Hi Radek,
I'm actually in the process of running the map-join unit tests against
EMR as we speak. It's possible but dog slow :)
Thanks,
Kirk
On 2/18/11 11:09 AM, Edward Capriolo wrote:
On Fri, Feb 18, 2011 at 6:58 AM, Radek Maciaszek
<radek.macias...@gmail.com> wrote:
Hello,
I was wondering if anyone managed to unit test Hive scripts and share
his/her experience? My first thought was to prepare sample data, run hive
scripts in order to generate output and then compare the generated output
with the expected output. Sounds fairly simple but it may be a bit
complicated if the data is read from S3 and stored in S3.

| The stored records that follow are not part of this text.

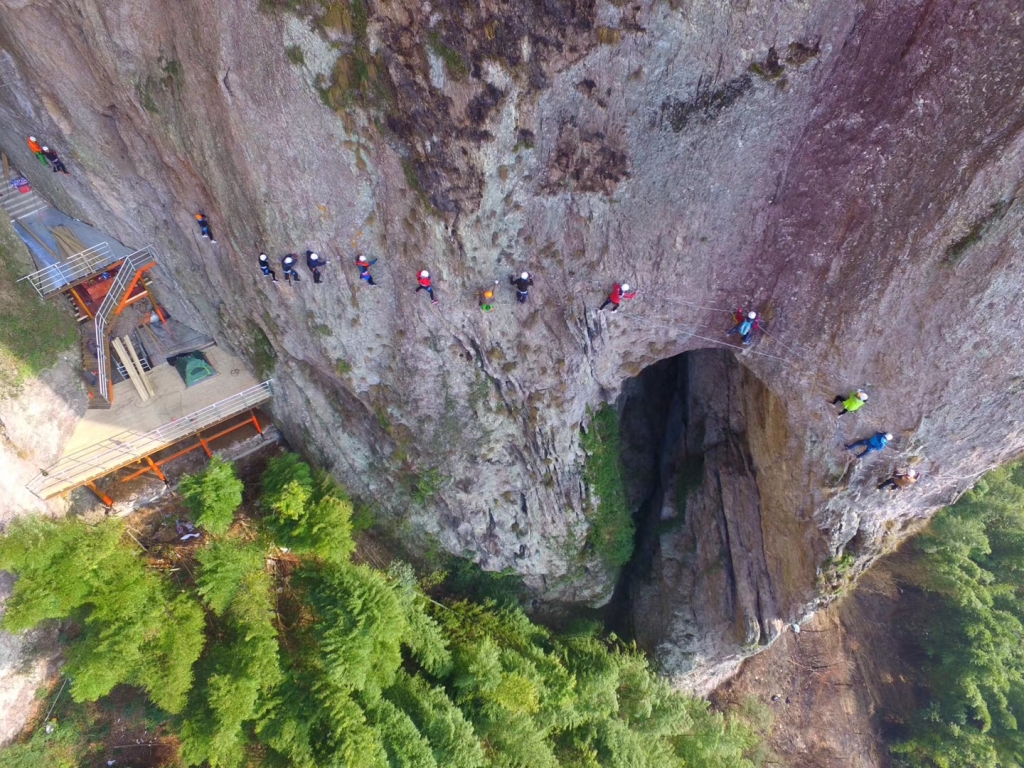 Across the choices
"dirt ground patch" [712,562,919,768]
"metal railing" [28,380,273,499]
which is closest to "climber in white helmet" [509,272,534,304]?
"metal railing" [28,380,273,499]

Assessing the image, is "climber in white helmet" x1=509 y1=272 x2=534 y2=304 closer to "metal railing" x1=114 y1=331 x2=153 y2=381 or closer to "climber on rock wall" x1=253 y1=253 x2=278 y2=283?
"climber on rock wall" x1=253 y1=253 x2=278 y2=283

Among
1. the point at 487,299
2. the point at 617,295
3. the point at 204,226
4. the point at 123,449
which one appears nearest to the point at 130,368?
the point at 123,449

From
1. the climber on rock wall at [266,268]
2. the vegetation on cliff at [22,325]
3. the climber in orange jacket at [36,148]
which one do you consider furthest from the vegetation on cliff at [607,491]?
the climber in orange jacket at [36,148]

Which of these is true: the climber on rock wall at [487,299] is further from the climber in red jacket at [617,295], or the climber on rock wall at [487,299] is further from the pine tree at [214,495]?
the pine tree at [214,495]

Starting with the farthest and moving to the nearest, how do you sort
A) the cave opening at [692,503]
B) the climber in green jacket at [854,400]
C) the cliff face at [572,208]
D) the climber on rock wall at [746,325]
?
the cave opening at [692,503], the climber on rock wall at [746,325], the climber in green jacket at [854,400], the cliff face at [572,208]

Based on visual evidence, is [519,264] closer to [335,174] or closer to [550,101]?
[550,101]

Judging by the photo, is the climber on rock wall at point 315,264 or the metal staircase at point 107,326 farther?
the metal staircase at point 107,326

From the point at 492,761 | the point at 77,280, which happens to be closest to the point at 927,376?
the point at 492,761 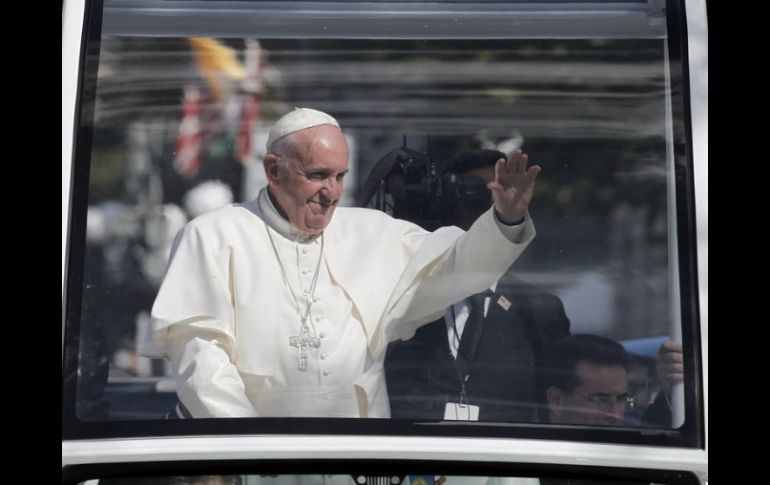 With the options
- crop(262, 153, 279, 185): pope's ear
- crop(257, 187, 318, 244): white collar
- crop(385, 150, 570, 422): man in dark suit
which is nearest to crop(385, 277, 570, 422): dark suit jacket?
crop(385, 150, 570, 422): man in dark suit

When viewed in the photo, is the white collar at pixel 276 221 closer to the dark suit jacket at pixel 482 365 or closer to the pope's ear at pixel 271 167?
the pope's ear at pixel 271 167

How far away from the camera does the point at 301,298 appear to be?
3.67m

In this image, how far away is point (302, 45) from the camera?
12.4 feet

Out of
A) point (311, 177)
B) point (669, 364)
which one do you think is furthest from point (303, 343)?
point (669, 364)

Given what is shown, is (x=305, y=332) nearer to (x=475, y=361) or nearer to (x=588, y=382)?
(x=475, y=361)

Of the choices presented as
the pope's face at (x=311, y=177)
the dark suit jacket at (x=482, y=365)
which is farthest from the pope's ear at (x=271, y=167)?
the dark suit jacket at (x=482, y=365)

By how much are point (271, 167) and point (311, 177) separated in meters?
0.12

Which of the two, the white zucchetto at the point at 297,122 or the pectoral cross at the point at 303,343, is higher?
the white zucchetto at the point at 297,122

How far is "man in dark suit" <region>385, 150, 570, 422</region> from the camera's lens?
3.68 m

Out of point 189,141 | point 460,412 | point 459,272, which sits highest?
point 189,141

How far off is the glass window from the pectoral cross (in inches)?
0.6

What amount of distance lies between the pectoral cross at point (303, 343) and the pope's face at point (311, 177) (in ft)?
0.98

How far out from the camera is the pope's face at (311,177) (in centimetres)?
371

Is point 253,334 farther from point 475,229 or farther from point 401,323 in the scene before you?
point 475,229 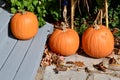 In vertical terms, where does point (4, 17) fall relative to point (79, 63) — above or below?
above

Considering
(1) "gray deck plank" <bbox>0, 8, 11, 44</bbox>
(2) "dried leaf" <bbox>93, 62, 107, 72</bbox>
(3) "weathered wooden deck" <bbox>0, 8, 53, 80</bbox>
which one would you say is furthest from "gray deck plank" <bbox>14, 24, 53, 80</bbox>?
(2) "dried leaf" <bbox>93, 62, 107, 72</bbox>

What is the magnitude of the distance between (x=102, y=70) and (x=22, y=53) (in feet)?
3.23

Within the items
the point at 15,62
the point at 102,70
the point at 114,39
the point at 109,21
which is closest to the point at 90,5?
the point at 109,21

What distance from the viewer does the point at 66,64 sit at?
13.4 ft

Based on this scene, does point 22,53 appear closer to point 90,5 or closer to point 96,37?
point 96,37

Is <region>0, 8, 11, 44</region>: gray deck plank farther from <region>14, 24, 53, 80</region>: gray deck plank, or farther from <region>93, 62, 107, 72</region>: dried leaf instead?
<region>93, 62, 107, 72</region>: dried leaf

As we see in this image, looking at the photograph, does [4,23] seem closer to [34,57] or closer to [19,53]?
[19,53]

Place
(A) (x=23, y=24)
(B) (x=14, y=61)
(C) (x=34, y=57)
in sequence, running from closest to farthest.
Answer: (B) (x=14, y=61), (C) (x=34, y=57), (A) (x=23, y=24)

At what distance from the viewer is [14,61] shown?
12.0ft

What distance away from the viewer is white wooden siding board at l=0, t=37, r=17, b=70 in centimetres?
363

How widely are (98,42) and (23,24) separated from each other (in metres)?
0.97

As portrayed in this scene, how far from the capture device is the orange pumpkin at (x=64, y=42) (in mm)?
4145

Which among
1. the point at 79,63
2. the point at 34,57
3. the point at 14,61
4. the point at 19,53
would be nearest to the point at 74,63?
the point at 79,63

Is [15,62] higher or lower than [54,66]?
higher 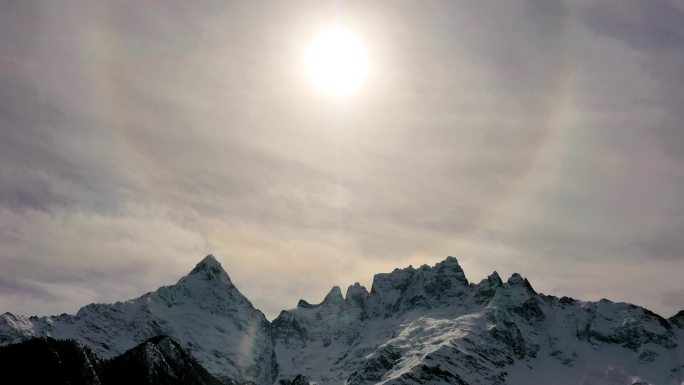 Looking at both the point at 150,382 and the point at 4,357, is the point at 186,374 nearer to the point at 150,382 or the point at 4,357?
the point at 150,382

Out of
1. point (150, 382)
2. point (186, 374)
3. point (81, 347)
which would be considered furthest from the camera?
point (186, 374)

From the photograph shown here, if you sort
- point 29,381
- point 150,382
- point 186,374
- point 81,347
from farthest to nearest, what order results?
point 186,374, point 150,382, point 81,347, point 29,381

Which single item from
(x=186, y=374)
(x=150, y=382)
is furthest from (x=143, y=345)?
(x=186, y=374)

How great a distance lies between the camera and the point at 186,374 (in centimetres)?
17762

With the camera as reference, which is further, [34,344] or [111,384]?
[111,384]

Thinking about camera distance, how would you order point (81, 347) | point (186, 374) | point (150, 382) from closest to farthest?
1. point (81, 347)
2. point (150, 382)
3. point (186, 374)

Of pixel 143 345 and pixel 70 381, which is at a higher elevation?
pixel 143 345

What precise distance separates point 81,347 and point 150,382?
18036mm

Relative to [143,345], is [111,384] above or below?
below

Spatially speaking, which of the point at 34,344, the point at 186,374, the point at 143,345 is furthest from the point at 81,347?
the point at 186,374

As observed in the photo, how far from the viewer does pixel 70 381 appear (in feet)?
419

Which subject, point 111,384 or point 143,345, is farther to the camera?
point 143,345

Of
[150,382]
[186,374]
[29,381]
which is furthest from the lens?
[186,374]

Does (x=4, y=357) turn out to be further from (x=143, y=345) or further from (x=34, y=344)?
(x=143, y=345)
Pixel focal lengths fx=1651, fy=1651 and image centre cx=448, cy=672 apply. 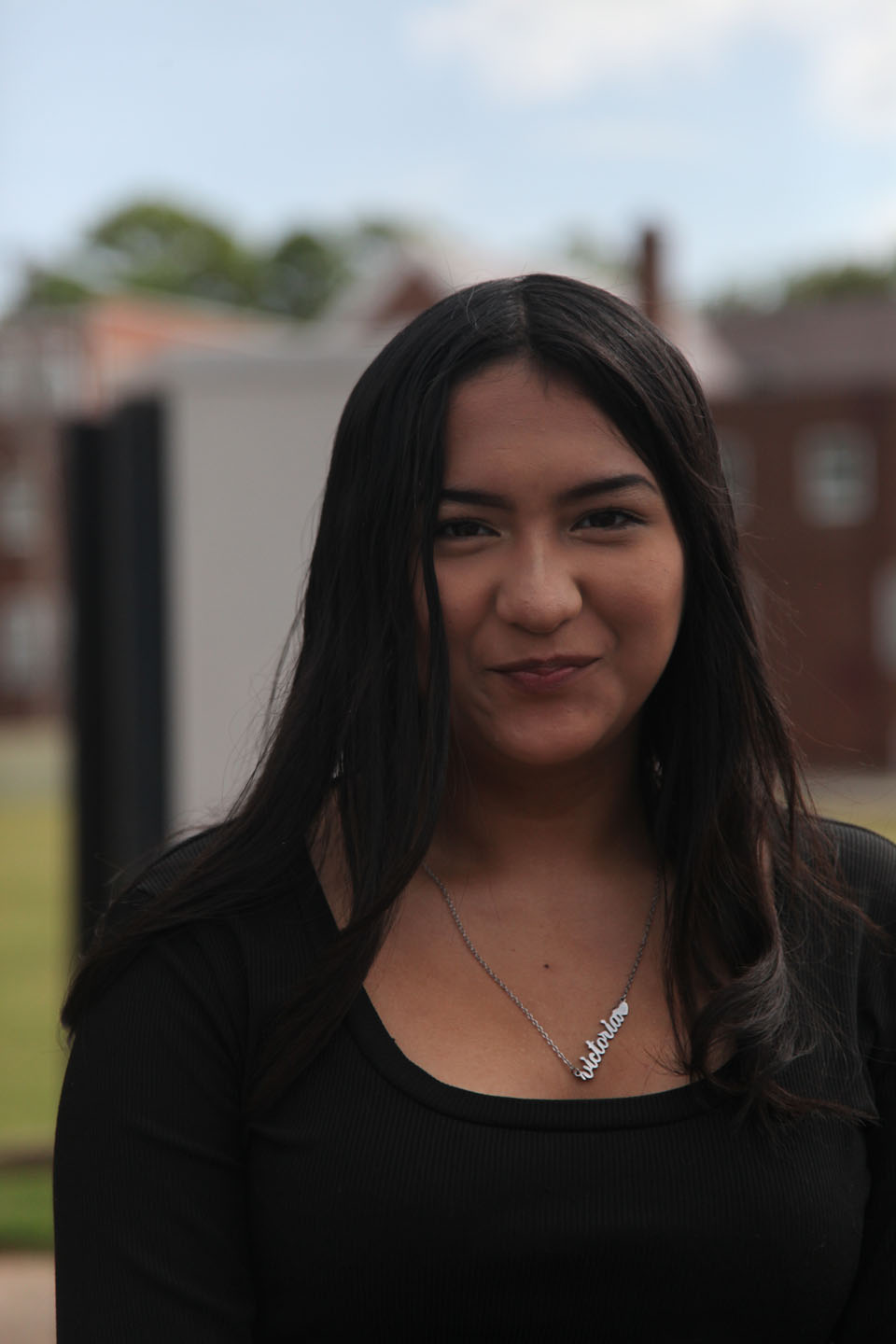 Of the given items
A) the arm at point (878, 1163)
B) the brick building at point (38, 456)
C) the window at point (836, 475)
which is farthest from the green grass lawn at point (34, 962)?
the brick building at point (38, 456)

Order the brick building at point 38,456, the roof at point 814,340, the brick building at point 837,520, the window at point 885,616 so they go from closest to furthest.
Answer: the brick building at point 837,520 < the window at point 885,616 < the brick building at point 38,456 < the roof at point 814,340

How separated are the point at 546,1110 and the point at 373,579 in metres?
0.55

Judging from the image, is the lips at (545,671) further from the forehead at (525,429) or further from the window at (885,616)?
the window at (885,616)

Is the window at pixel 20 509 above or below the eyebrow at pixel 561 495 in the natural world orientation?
above

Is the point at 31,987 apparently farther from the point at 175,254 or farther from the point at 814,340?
the point at 175,254

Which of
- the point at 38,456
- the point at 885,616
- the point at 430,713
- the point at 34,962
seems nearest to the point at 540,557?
the point at 430,713

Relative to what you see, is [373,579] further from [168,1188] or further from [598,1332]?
[598,1332]

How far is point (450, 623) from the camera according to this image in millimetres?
1639

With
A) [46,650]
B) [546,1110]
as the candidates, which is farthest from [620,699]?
[46,650]

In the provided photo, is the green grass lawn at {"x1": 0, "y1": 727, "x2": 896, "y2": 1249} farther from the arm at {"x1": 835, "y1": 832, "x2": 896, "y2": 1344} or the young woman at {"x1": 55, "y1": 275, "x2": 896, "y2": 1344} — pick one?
the young woman at {"x1": 55, "y1": 275, "x2": 896, "y2": 1344}

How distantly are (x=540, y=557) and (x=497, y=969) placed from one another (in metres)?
0.43

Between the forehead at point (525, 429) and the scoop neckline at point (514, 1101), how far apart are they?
21.2 inches

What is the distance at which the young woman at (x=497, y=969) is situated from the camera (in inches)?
60.8

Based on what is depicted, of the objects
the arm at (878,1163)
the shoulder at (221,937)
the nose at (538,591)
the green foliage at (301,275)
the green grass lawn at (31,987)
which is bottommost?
the green grass lawn at (31,987) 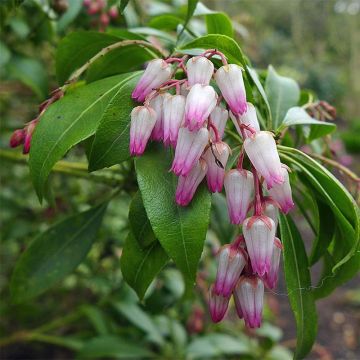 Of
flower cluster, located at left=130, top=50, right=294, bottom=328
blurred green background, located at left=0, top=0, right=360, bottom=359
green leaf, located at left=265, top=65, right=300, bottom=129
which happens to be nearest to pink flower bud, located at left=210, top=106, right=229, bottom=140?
flower cluster, located at left=130, top=50, right=294, bottom=328

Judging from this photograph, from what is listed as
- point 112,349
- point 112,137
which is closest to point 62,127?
point 112,137

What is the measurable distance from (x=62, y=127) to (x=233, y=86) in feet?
0.82

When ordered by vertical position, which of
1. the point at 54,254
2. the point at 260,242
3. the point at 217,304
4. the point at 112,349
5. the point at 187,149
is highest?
the point at 187,149

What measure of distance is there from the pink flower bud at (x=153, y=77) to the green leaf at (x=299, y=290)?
0.85 ft

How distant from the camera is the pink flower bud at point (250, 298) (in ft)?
2.36

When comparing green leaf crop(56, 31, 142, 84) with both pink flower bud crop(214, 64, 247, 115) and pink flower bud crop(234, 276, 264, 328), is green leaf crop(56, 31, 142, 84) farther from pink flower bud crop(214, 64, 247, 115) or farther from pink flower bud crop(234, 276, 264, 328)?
pink flower bud crop(234, 276, 264, 328)

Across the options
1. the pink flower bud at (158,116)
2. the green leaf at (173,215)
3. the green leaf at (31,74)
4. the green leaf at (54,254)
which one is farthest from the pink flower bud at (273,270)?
the green leaf at (31,74)

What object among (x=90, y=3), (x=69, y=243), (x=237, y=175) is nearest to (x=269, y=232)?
(x=237, y=175)

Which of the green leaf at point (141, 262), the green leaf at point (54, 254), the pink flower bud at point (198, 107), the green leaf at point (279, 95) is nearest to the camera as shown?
the pink flower bud at point (198, 107)

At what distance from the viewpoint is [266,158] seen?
675mm

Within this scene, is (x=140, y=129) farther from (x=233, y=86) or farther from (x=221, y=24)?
(x=221, y=24)

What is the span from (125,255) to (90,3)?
2.82 feet

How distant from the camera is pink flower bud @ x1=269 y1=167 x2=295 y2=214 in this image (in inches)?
28.2

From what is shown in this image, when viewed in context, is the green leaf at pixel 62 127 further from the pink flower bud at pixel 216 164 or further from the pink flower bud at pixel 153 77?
the pink flower bud at pixel 216 164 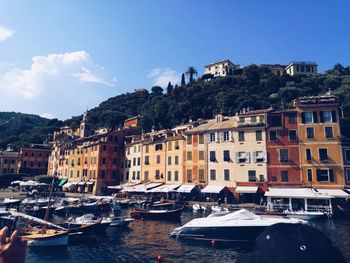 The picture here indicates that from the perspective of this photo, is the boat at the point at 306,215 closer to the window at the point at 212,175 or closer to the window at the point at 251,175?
the window at the point at 251,175

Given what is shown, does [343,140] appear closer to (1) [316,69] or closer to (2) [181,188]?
(2) [181,188]

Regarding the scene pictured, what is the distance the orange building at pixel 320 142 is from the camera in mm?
38469

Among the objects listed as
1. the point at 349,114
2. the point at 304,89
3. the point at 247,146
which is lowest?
the point at 247,146

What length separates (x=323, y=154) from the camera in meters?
39.2

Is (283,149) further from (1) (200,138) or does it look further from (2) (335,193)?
(1) (200,138)

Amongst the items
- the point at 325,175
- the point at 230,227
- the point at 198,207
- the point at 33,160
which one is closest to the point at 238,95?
the point at 325,175

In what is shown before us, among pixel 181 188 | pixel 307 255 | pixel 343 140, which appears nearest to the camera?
pixel 307 255

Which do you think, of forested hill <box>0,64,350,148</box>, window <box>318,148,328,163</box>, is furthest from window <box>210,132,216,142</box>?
forested hill <box>0,64,350,148</box>

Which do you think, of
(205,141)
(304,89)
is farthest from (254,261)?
(304,89)

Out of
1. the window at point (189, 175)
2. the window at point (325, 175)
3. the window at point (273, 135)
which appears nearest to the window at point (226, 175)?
the window at point (189, 175)

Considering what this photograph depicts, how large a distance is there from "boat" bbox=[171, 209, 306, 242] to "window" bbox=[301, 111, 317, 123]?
69.1 ft

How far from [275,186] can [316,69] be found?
92068 mm

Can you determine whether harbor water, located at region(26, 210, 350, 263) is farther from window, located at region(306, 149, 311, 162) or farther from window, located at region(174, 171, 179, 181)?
window, located at region(174, 171, 179, 181)

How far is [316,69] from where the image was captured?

I was also wondering if anyone managed to run the tests on EMR? I found this
simple framework which may help with testing EMR:
http://entxtech.blogspot.com/2010/10/how-to-unit-test-apache-hive-scripts.html
However I am tempted to run tests on a real EMR rather than doing it
locally.
I am planning to integrate those tests with Jenkins (formerly Hudson).
Many thanks,
Radek
The process you described of diffing output is exactly how hives
current unit testing works. It has its upsites being that it is good
for catching regressions but the download is it is not really
programatic. Look for .q files in the hive source and their
corresponding results/q.out files.
Edward